A state Representative known to be a lightning rod on the issue of abortion is making a case to formally condemn a historical court decision.
Republican Mike Moon of Ash Grove is sponsoring a resolution not to denounce the 1973 Roe versus Wade Supreme Court decision which legalized abortion, but one to condemn the landmark Dred Scott decision.
The U.S. Supreme Court upheld a ruling from the Missouri high bench in 1852 denying Scott, a slave, freedom. The state Supreme Court’s decision reversed a St. Louis Circuit Court hand down in 1850 that granted him freedom.
Moon thinks the Missouri decision was a black eye for the state. “It’s just a reminder of how bad our court decisions can be,” said Moon. “It’s probably one of the biggest guffaws in Missouri history I think. And I think it would be agreed that it was at least a contributing factor to the civil war.”
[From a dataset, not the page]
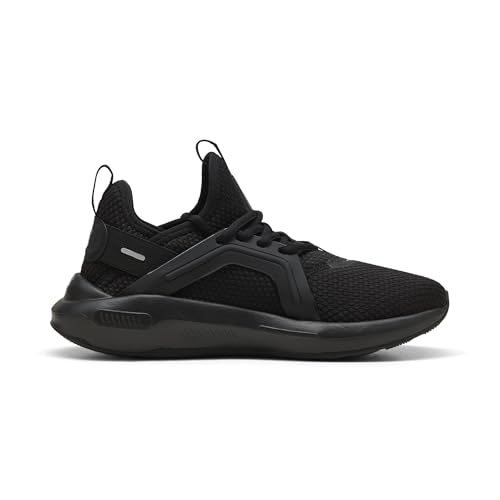 Puma Womens Softride Enzo 5 Cross Training Shoes Black-Silver Size 8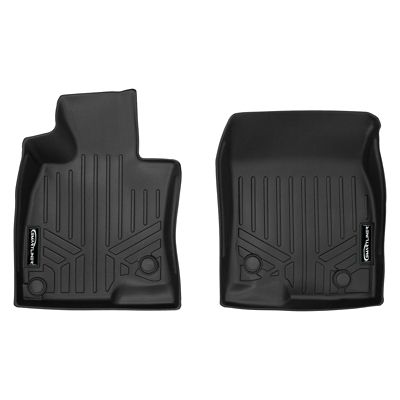 SMARTLINER 3 Rows Custom Fit Floor Liners for 2021-2025 Ford Bronco Sport, Gasoline, Cargo Fits Full-Size SpAre Tire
Historians note the Dred Scott decision inflamed differences over slavery that ignited the American Civil War. Moon calls the resolution, which calls on members of the state House of Representatives with the Senate concurring to condemn the Dred Scott decision, a step in the right direction for closing old wounds.
“That’s important for us to admit wrongdoing,” Moon Said. “Even though we weren’t today complicit in that, our forefathers were. It would spur healing. I believe that’s much needed in our state.”
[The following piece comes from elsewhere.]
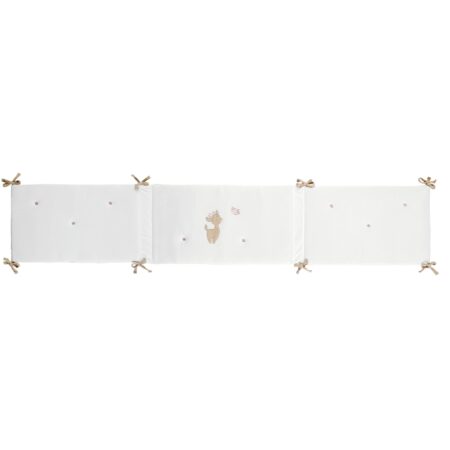 Nattou - Fanfan - Bedbumper Zacht Velours Wit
His resolution notes that the country’s tensions over racial equality have “played out in profound ways” in Missouri and that St. Louis’ location on the Mississippi River was “uniquely positioned to be a destination for the slave trade”.
It also mentions that slaves in Missouri who sued for their freedom routinely won before national unrest over the issue resulted in the Dred Scott decision at the state level.
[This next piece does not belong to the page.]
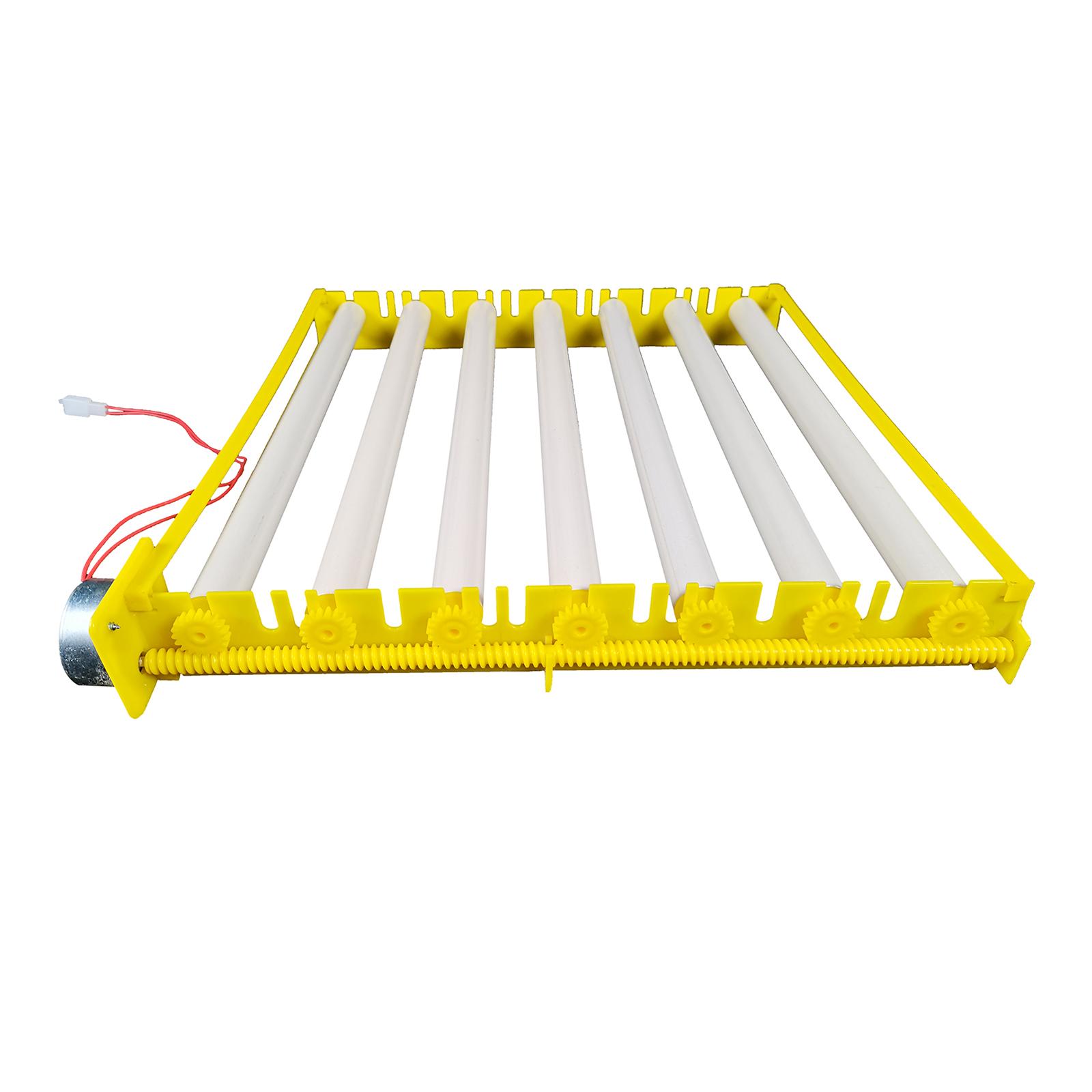 Plastic Egg Incubator Tray Accessories Automatic Egg Roller Duck Quail 7 Tubes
Scott attempted numerous times to secure freedom for himself and his family in Missouri Courts. He sued his master’s widow for his freedom on the grounds that he had lived as a resident of a free state, Illinois, and a territory, Wisconsin Territory, where slavery was prohibited under the Missouri Compromise of 1820.
The Missouri Compromise granted Maine entrance into the Union as a free state while allowing Missouri permission to enter without restrictions on slavery, and included an amendment prohibiting slavery in the Louisiana Purchase territory north of latitude 36°30’.
According to archives from the Missouri Secretary of State website, Justice William Scott wrote the state Supreme Court majority opinion which denied freedom to Scott and his family.
In it, he did not deny that the Missouri Compromise’s ban on slavery was valid but felt it was only valid where it applied, which was not within the state of Missouri.
According to the archives, Justice Scott acknowledged the right of slaves to obtain their freedom when taken to free states or territories but advised that slavery status reattached upon return to a slave state.
The archives also notes that racist rhetoric contained in the brief filed by the attorney representing the widow of Dred Scott’s owner, was apparent in Scott’s opinion, specifically in his conclusion where he stated that slavery was the will of God.
Following the state Supreme Court decision, Dred Scott filed a suit in federal court that led to the U.S. Supreme Court decision in 1857 denying him freedom. In doing so, the court rendered the Missouri Compromise unconstitutional and said that Congress had no power to prohibit slavery in the territories.
According to the Encyclopedia Britannica, the Dred Scott outcome is considered the worst decision ever rendered by the Supreme Court among constitutional scholars, having been cited as the most egregious example of the court imposing a judicial solution on a political problem.
Representative Moon, being a vocal anti-abortion advocate, thinks the Dred Scot decision is similar to the U.S. Supreme Court’s Roe versus Wade ruling in that they’re both among the worst renderings ever from the high bench.
“I think it does add to the foundation that, I think has already been laid, that ya, the court has made some bad decisions,” said Moon. “They have been corrected and should be corrected if they continue to be out there and proven wrong.”
The 1868 Fourteenth Amendment overturned the Dred Scott decision by granting citizenship to all those born in the United States, regardless of color. The amendment was ratified by Congress.
Dred Scott is buried at a cemetery in St. Louis.
Moon’s resolution is scheduled to be heard Tuesday in a House committee. It faces an uphill battle to be enacted with less than a month left in the current legislative session that ends May 18th.